By Ashton Balaigwa , The Guardian
SUFFICIENT and surplus food is available in Tanzania, which highlights achievement of goal number two of the Sustainable Development Goals (SGDs), a senior government official has declared.
Gungu Mibavu, the marketing and food security director at the Ministry of Agriculture, said this here over the weekend at a stakeholders’ meeting to discuss pathways to build sustainable food systems, a three-day meeting organised by the United Nations Food and Agriculture Organisation (FAO).
The meeting, supported by the UN food systems coordination office, set out to review stakeholders’ proposals issued during the Africa food systems summit mid last year, as SDG goal number 2 aims at ending hunger and all forms of malnutrition by 2030.
In so doing it commits to universal access to safe, nutritious and sufficient food, while the director noted that the government has made the food security agenda a major priority to ensure the country “feeds itself but also produces surplus for others.”
“This includes ensuring that the country’s borders are open to facilitate export of surplus food, which is part of the implementation of SDG goal number two to eradicate hunger by 2030,” he said.
Researchers and other experts who attended the summit need to ensure that the Millennium Development Goals (MDGs) which were supplanted in 2015 by the 17 SDGs meant for realisation by 2030 are reached, he said, citing goal number one which focuses on ending poverty.
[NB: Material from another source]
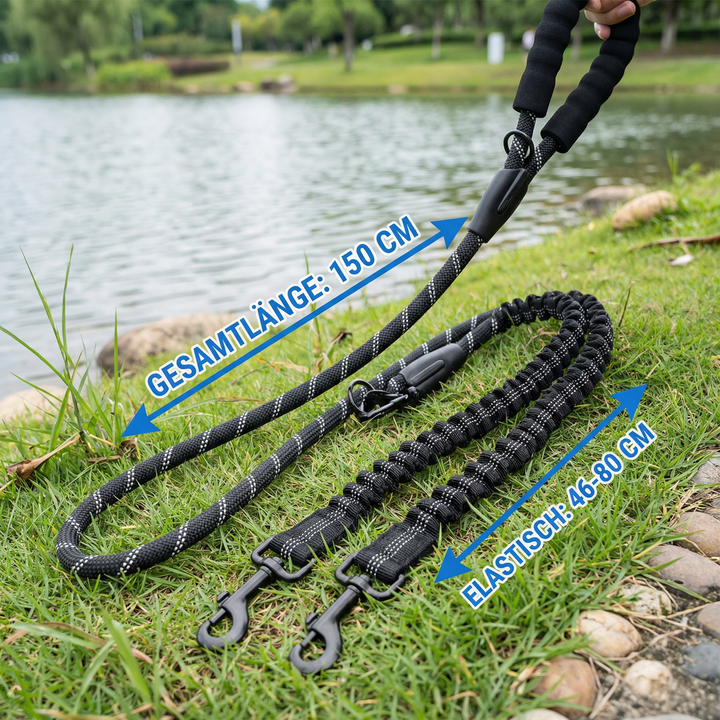 Flexible Doppelleine, verhedderungsfrei, für zwei Hunde beim Spaziergang. Optimiertes Gassi gehen.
The government has signed various protocols including the Southern Africa Development Community (SADC) protocol on food trade as part of implementation of the government’s vision of feeding the country and making the surplus available to others, he stated urging the public to increase grain production to maintaining food self-sufficiency.
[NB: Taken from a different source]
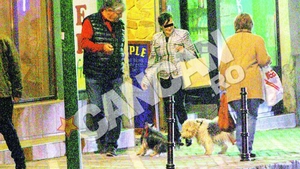 "Falcosul" s-a bagat intr-o incaierare canina! Andone si-a salvat "latosul" de coltii unui dulau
Sihaba Haji Vuai, the head of policy drafting at the Zanzibar Ministry of Agriculture, Irrigation, Natural Resources and Livestock, said the government has invested in strategies for transforming the agriculture sector.
There are six priority crops as well as fruits, spices, livestock and fishing, where the ministry was working on strengthening agro-sector infrastructure, especially irrigation schemes to increase rice and vegetable production.
“What we are doing is to ensure that we promote local processing and packaging of various crops and livestock products to enhance value addition and raise incomes,” he added.